RED CREEK, N.Y. (WROC) — Red Creek sophomore Logan Corteux earned not one, but two first place medals at the New York State Track Championship earlier this month. But Logan’s story on how he got there is fairly unique.
Corteux is wheelchair bound. In fact, he’s the only Section V track and field athlete who competes in a wheelchair.
“This year he came up to me and asked if he’d ever be able to compete at the championship level because there are standards that need to be met and him being in a wheelchair we didn’t realize there would be standards,” said Red Creek track and field coach Dave Briggs. “So we had to think outside the box.”
In order to go to the state championships, Logan had to meet a qualifying time of 29 seconds in the wheelchair 100m race. For shot put, he needed to throw at least nine feet.

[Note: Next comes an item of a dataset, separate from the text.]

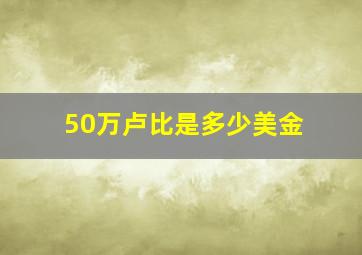 50万卢比是多少美金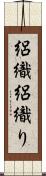 絽織 Scroll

“He just told me the qualifications I needed to meet, and I just kept working towards them,” said Corteux.
Once he made it to the state championship, he set personal records in both the wheelchair 100m race and shot put.

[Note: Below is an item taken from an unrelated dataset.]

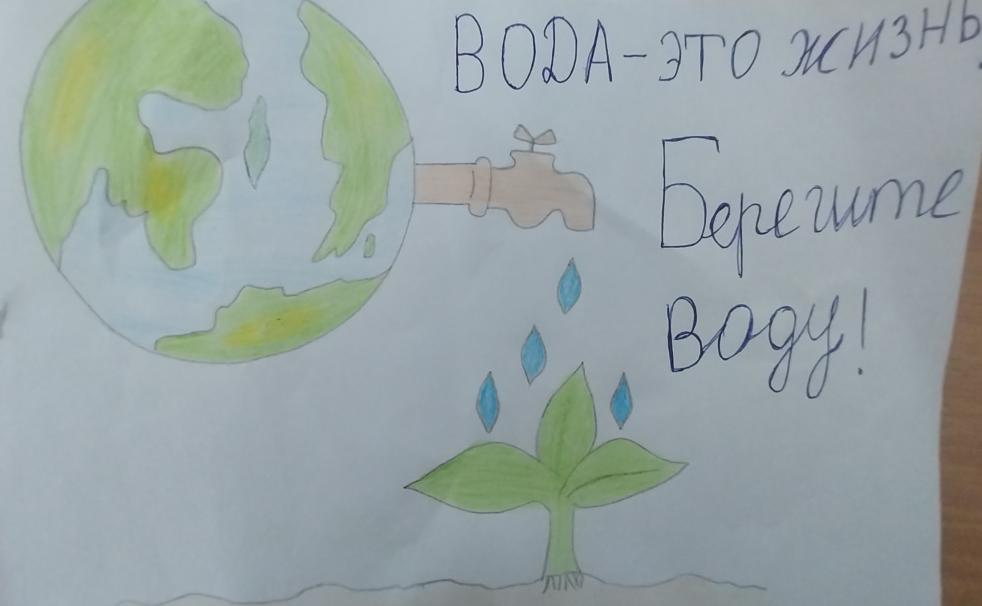 Мир! Берегите воду!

“It feels good knowingly that I can actually compete and beat my PR’s and all that, and I have a chance at beating other people,” said Logan Corteux.
This was Logan’s second year on the track team, but the first time he had ever made it that far.
“I don’t think he realized initially how big a deal going to divisional, going to sectionals and going to states was for him,” said Red Creek CSD employee Marcia Slocum. “Being the only wheelchair athlete in all of section five and now I think it’s hitting him that gee, I can do something really special and I’m something that’s really groundbreaking.”
Briggs said that he admires Corteux’s work ethic and the fact that he never complains.
“Wheelchair doesn’t define him,” said Briggs. “His characteristics that he shows us everyday define him.”
Slocum echoed similar thoughts on the two-time state champion.
“His work ethic and his desire to succeed just amaze me,” said Slocum. “I love working with him because he has a drive and its obvious he really wants to compete and he wants to try and better himself every time he gets on the track.”
“Never let the fear take over you, just keep doing what you do,” said Corteux.